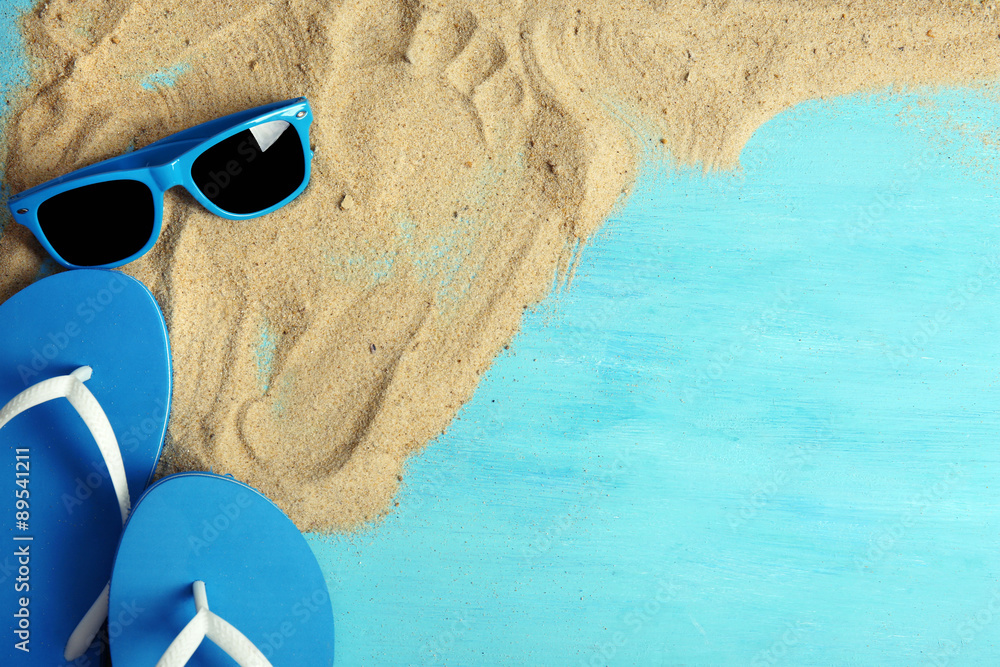 Flip flops and sunglasses with sand on wooden background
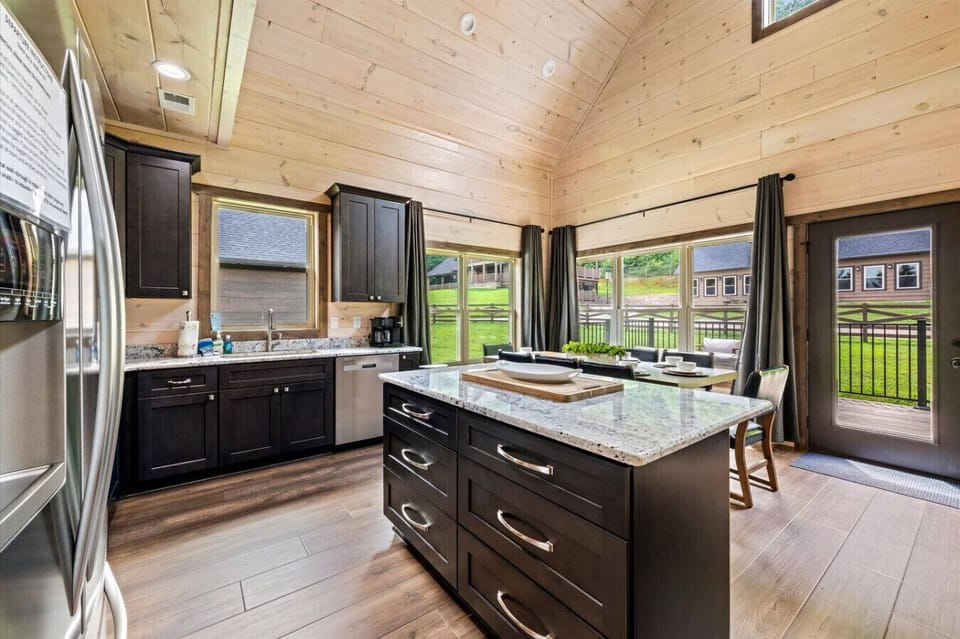 The spacious island offers extra prep space and storage, while oversized windows brighten the kitchen with natural light and views of the outdoors.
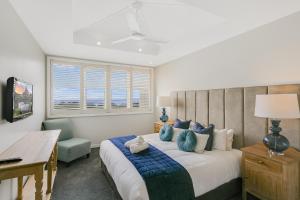 金斯克里福2BR Oceanview Penthouse @ Mantra Salt Resort by uHoliday的一间卧室配有一张带蓝色枕头的大床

::::::

**Required action:** The listing must be returned in full and exactly, apart from its pictures.

**Exercise solution:**
 Flip flops and sunglasses with sand on wooden background
 The spacious island offers extra prep space and storage, while oversized windows brighten the kitchen with natural light and views of the outdoors.
 金斯克里福2BR Oceanview Penthouse @ Mantra Salt Resort by uHoliday的一间卧室配有一张带蓝色枕头的大床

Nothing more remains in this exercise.